Kindly direct your attention to the second part of that sentence, good times produce weak men; the ubiquity of cancel culture, safe-spaces, and “inclusive zones”—especially in North America—is impressive, it’s almost praiseworthy. But there is one characteristic that should be instilled into every young man and woman, one that would abruptly end (if not radically diminish) the prevalence of this writhing notion of an Orwellian world in our society: self-awareness.
Mankind has always been extremely irrational, this is quite flagrant in Robert Greene’s book The Laws of Human Nature, wherein he pulls significant anecdotes from history in order to portray this aspect of our cognition. No human being can ever mitigate from his own irrationality completely, but one can acknowledge it while letting it go altogether, so this is not the problem; the problem is that the ability to acknowledge and let go of an irrational idea instead of anthropomorphizing it, is slowly disappearing in our society.
Imagine having to submit a rather paramount literature, one that would be read by millions upon millions of persons—and disgracefully meeting that standard with the submission of a non-edited first draft. This is precisely what one does when tweeting out their own ill-fabricated opinions without revision; when recording a video wherein one makes a court jester out of themselves for the sake of acquiring clout (this one, I’m guilty of); when having a conversation and while the other party is verbalizing their thoughts or answering a question, the opposing already has a thousand ideas ready to explode outward like a cannon. Do we no longer perceive this as asininity? Are we that much clouded by our own egos that neither ourselves nor our friends are able to call daftness when we see it fit?
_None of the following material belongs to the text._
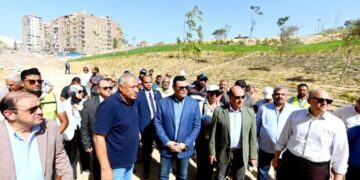 وزير الإسكان يتابع سير العمل بمشروع حدائق “تلال الفسطاط” بمنطقة مصر القديمة بالقاهرة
This developing, creeping conception of an Orwellian society has two sides to its equation: one being our own personas falling prey to its own folly and not being able to catch such behavior, the other being that society not only condone such pathology, but egregiously glorifies it. The only way to fix a societal problem, is to fix one’s self first; for who the hell are you to give advice to the world, if you can’t even clean your own room? Shout out to Jordan Peterson ☺
"The best way to fix the world, if there ever was one, is to fix yourself."